Algo después tiré de él hasta la cama. Estábamos tumbados cuando me contó que había empezado con la quimioterapia paliativa, pero la dejó para ir a Amsterdam, aunque sus padres se pusieron hechos una furia. Intentaron detenerlo hasta aquella misma mañana, cuando lo oí gritar que su vida le pertenecía.

—Podríamos haber cambiado la fecha —le dije.

—No, no podríamos —me contestó—. De todas formas, no estaba funcionando. Puedo asegurarte que no estaba funcionando. Ya me entiendes.

Asentí.

—Son puras gilipolleces —le dije.

—Probarán otra cosa cuando vuelva a casa. Siempre se les ocurre algo.

—Sí.

Yo también había hecho de conejillo de Indias.

—De alguna manera, te hice creer que estabas enamorándote de una persona sana —me dijo.

Me encogí de hombros.

—Yo habría hecho lo mismo.

—No, tú no lo habrías hecho, pero no todos podemos ser tan increíbles como tú.

Me besó y luego hizo una mueca.

—¿Te duele? —le pregunté.

—No. Un poco.

Pasó un largo rato mirando fijamente el techo.

—Me gusta este mundo —me dijo por fin—. Me gusta beber champán. Me gusta no fumar. Me gusta el sonido de los holandeses hablando en holandés. Y ahora… Ni siquiera tengo por lo que luchar.

—Tienes que luchar contra el cáncer —le dije—. Ésa es tu batalla. Y seguirás luchando.

Odiaba que la gente intentara convencerme de que tenía que prepararme para luchar, pero eso mismo hice con él.

—Hoy va… va… va a ser el mejor día de tu vida. Ahora ésta es tu guerra.

Me despreciaba a mí misma por sentir algo tan patético, pero ¿qué otra cosa me quedaba?

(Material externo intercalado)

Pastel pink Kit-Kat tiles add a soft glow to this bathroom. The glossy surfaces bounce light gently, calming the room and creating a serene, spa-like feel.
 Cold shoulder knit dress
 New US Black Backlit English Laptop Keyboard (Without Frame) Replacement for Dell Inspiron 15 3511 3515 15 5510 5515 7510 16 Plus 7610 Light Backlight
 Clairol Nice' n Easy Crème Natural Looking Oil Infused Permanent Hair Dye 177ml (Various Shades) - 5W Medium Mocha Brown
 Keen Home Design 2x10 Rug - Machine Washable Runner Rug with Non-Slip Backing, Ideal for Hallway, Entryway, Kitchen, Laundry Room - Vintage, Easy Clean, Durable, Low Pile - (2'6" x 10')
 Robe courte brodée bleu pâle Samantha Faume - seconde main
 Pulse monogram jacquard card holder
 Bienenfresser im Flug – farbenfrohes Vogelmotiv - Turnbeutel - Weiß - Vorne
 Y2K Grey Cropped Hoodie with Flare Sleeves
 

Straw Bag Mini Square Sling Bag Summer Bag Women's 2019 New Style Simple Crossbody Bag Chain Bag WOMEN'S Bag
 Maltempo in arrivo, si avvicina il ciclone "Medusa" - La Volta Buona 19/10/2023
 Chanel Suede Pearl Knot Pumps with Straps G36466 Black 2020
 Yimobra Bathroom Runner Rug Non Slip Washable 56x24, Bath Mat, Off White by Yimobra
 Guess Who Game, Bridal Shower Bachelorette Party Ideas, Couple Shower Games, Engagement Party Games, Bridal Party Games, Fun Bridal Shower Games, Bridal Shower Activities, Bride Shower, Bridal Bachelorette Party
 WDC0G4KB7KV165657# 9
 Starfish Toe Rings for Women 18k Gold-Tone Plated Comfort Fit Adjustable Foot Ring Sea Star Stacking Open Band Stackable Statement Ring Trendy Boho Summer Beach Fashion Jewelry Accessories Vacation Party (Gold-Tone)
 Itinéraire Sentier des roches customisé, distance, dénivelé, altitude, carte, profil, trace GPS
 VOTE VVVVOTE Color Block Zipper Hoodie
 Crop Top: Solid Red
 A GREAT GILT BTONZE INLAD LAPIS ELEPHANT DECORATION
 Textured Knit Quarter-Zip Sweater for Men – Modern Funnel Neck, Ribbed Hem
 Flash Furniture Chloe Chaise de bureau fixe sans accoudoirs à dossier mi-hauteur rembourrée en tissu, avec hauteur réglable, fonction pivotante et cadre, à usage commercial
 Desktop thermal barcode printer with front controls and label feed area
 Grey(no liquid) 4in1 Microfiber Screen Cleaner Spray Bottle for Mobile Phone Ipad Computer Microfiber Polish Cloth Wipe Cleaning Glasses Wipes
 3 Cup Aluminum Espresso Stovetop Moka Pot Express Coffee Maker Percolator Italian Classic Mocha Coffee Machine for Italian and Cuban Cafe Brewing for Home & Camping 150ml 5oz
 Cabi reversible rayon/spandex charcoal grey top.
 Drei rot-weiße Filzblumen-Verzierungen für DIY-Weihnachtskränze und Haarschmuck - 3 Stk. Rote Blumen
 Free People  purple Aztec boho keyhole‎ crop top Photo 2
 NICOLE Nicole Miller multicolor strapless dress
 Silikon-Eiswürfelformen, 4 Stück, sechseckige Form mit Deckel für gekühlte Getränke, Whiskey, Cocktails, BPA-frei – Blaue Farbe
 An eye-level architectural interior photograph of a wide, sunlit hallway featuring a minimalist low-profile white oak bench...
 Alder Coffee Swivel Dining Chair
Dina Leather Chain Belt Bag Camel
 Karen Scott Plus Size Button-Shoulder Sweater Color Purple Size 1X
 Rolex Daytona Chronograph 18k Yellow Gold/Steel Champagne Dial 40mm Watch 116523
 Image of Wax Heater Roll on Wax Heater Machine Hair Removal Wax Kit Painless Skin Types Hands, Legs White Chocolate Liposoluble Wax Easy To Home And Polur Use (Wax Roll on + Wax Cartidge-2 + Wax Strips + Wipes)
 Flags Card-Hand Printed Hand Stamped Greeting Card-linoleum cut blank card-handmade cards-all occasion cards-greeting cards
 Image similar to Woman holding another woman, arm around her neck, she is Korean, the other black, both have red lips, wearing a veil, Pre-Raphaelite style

—Una guerra —contestó con desdén—. ¿Con qué estoy en guerra? Con mi cáncer. ¿Y qué es mi cáncer? Mi cáncer soy yo. Los tumores forman parte de mí. Sin duda forman parte de mí tanto como mi cerebro y mi corazón. Es una guerra civil, Hazel Grace, y ya sabemos quién la ganará.

—Gus.

No podía decir nada más. Era demasiado inteligente para el tipo de consuelo que le ofrecía.

—Está bien —me respondió.

Pero no lo estaba.

—Si vas al Rijksmuseum, y la verdad es que yo quería ir… Pero para qué vamos a engañarnos. Ninguno de los dos puede recorrer todo un museo… En fin, eché un vistazo a la colección online antes de venir. Si fueras, y espero que algún día vayas, verías muchos cuadros de muertos. Verías a Jesús en la cruz, a un tipo al que le pegan una puñalada en el cuello, a gente muriendo en el mar y en batallas, y todo un desfile de mártires. Pero NI UN SOLO CHICO CON CÁNCER. Nadie palmándola de peste, viruela, fiebre amarilla y cosas así, porque la enfermedad no es gloriosa. No tiene sentido. Morir de enfermedad no es honorable.

Abraham Maslow, te presento a Augustus Waters, cuya curiosidad existencial eclipsa la de sus semejantes bien alimentados, amados y sanos. Mientras la inmensa mayoría de los hombres se empeñaban en seguir consumiendo salvajemente sin planteárselo siquiera, Augustus Waters contemplaba la colección del Rijksmuseum desde la distancia.

—¿Qué? —me preguntó Augustus.

—Nada —le contesté—. Solo…

No podía terminar la frase. No sabía cómo.

—Solo que te quiero muchísimo.

Sonrió con la mitad de la boca, con la nariz a centímetros de la mía.

—El sentimiento es mutuo. Supongo que no podrás olvidarlo y tratarme como si no estuviera muriéndome.

—No creo que estés muriéndote —le contesté—. Lo que creo es que tienes un poquito de cáncer.

Sonrió. Humor negro.

—Estoy en una montaña rusa que no hace más que subir —me dijo.

—Y para mí es un privilegio y una responsabilidad subir ese camino contigo —le contesté.

—¿Sería totalmente absurdo intentarlo?

—No vamos a intentarlo —le dije—. Vamos a conseguirlo.